A bitter dispute between France and Belgium over the price of a pint of beer is coming to a head, with the French parliament set to vote this month on whether to increase a tariff on imported beer by a whopping 160 percent — a threat that has infuriated Belgians, who produce 450 different types of beer.
Belgium says the tax is discriminatory and could potentially dampen sales and force pubs and restaurants to lay off workers.
So Belgium government officials are now hinting they’ll retaliate by slapping a sizeable excise tax on the price of imported French wine — a move that could devastate winemakers throughout France.
"The most remarkable aspect is the discriminatory, protectionist nature of this decision," the Belgian Brewers' Federation told London’s Guardian newspaper
. "By contrast, there is almost no excise on wine and no increase is planned."
France’s bid to raise taxes on imported Belgium beer comes as President François Hollande accelerates his campaign to raise taxes.
Officials say the 160 percent increase would raise an estimated $627 million, which would be earmarked for the nation’s social services. The hike would also help reduce the country’s alcohol and tobacco use by young people, they say.
The French brewer’s federation — Brasseurs de France — said the tax hike would increase the price of beer on brands like Stella Artois and Hoegaarden by about 20 percent in bars and supermarkets.
The increase would also affect the rest of Europe, although Belgium is the first nation to hint at a possible retaliation.
“It obviously becomes a very big issue for the brewing sector. The measure will affect all brewers, including small entrepreneurs. This is a very short-sighted approach by penalizing one sector,’’ Pierre-Olivier Bergeron, head of the Brewers of Europe told TheDrinksBusiness.com
Belgians say the tax hike will hike beer prices in France from about $5.25 a pint to $6.50 a pint, although the French insist it would be lower.
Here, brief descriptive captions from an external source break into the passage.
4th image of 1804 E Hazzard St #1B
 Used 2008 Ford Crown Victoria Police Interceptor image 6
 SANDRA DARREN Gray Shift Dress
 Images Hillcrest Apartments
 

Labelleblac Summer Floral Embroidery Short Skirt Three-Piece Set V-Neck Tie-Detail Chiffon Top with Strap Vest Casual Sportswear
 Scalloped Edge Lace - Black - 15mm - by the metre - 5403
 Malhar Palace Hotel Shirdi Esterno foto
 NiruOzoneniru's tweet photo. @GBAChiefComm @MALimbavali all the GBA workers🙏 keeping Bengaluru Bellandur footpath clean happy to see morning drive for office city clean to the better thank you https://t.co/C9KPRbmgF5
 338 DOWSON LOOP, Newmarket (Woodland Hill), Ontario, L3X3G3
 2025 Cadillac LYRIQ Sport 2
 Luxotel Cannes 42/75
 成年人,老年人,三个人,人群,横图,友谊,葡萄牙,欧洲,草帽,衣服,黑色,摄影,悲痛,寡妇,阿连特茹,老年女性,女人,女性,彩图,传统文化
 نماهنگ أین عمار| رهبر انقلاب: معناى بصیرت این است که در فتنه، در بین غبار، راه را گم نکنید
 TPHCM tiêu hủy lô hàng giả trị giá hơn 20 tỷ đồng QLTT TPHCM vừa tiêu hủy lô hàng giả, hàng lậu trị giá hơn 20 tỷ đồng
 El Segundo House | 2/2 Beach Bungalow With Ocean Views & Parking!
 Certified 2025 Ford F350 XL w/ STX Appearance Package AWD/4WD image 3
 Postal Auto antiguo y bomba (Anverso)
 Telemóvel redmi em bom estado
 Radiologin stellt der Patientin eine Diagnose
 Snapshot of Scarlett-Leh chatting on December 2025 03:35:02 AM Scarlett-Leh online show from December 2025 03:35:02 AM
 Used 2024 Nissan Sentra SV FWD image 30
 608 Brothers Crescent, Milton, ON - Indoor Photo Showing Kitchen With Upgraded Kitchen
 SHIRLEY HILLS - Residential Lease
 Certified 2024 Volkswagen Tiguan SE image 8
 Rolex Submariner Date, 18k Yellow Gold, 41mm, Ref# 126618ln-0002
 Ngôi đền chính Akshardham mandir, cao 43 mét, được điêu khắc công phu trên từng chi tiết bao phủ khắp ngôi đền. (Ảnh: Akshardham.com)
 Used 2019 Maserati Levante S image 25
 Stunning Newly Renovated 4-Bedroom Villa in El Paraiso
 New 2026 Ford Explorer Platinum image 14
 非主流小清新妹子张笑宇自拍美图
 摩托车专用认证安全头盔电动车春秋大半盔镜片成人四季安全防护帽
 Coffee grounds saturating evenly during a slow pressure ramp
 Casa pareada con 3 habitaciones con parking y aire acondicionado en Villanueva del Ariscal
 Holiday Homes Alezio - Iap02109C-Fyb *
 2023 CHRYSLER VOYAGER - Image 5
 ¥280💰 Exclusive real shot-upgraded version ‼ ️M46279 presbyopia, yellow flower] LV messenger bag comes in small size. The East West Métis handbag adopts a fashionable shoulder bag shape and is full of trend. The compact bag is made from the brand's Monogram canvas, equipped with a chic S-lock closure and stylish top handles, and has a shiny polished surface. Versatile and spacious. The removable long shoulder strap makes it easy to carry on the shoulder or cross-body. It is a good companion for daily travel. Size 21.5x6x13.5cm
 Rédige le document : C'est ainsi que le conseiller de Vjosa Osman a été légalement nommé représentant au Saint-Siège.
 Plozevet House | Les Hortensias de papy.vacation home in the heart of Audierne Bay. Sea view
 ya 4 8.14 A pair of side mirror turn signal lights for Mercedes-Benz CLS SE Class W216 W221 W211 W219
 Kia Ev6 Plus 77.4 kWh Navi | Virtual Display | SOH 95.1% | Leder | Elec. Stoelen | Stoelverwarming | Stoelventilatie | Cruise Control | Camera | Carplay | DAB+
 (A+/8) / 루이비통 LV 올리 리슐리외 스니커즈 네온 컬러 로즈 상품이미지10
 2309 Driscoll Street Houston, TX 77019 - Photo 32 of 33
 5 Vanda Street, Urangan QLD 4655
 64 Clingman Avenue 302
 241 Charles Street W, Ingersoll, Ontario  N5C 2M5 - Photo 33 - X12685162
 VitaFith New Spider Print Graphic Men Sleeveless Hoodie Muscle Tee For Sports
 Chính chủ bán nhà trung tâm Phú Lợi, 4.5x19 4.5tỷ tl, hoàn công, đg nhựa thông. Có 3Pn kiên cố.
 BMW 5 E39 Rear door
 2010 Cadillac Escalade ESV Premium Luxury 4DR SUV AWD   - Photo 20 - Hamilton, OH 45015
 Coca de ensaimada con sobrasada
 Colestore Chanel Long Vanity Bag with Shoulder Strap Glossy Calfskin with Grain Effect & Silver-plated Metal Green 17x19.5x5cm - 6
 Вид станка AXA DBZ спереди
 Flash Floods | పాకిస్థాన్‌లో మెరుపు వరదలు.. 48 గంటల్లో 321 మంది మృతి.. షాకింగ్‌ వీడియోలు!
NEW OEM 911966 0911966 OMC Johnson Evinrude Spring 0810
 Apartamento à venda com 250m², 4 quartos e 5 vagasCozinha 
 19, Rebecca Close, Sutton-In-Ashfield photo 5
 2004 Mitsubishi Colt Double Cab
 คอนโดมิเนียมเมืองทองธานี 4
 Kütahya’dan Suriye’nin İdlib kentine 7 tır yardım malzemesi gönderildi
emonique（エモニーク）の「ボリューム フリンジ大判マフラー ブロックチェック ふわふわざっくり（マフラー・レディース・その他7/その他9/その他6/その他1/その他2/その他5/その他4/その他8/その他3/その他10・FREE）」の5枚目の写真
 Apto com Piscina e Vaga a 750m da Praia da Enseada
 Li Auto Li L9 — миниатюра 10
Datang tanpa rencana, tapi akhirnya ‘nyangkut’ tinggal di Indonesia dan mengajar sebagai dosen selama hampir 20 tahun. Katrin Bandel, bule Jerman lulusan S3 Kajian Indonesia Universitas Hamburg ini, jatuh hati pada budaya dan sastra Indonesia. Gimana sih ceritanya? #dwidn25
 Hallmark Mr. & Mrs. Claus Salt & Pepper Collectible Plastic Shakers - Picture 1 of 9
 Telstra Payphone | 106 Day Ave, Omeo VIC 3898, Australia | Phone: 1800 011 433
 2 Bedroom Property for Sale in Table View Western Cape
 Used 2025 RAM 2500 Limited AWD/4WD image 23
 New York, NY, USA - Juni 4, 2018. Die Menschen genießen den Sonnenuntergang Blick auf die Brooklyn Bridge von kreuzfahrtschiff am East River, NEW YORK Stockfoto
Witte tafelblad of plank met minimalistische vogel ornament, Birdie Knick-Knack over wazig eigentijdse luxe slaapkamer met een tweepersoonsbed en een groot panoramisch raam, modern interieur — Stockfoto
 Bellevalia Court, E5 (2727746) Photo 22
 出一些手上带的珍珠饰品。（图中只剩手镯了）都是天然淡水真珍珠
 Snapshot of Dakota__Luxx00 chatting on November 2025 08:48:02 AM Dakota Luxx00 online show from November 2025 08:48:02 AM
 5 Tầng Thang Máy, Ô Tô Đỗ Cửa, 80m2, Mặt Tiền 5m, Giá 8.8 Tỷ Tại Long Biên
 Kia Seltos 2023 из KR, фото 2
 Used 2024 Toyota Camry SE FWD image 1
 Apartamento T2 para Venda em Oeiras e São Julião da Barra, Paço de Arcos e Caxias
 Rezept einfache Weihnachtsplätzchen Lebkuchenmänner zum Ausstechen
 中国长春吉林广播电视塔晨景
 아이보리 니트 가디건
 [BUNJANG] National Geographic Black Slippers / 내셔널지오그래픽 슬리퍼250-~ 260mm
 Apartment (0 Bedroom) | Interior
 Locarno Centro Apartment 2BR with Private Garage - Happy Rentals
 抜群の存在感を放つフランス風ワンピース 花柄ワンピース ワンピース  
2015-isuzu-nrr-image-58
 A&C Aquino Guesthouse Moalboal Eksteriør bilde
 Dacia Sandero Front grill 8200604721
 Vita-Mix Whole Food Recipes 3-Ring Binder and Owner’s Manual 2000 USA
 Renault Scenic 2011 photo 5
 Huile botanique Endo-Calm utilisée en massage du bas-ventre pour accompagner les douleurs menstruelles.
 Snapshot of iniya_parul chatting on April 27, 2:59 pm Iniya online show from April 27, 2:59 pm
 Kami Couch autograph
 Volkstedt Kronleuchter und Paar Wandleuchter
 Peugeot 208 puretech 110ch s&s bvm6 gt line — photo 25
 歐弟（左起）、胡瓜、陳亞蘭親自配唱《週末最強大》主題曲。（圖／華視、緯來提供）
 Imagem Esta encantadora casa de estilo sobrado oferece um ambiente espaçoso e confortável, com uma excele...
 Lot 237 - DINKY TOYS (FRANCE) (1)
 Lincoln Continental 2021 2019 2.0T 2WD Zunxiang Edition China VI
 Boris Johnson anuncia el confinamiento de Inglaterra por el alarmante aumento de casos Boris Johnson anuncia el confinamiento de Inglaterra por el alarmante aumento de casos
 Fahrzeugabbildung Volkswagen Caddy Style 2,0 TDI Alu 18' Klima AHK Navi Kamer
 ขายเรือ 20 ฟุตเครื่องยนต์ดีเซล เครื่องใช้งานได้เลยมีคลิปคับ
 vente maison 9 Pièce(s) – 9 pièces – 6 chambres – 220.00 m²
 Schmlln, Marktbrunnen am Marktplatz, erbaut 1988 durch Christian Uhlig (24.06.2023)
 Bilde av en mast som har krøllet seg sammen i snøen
Even if an increase is passed, France’s beer tax would still be about one-fourth of what the United Kingdom levies.
French drinkers seem resigned to a tax increase.
“It will just be a few euros here and there, you won’t notice really, even if you drink too much!’’ Lea Rouge of Paris told BBC News
. “I still don’t agree with the policy though. It is yet another regulation that we don’t need.”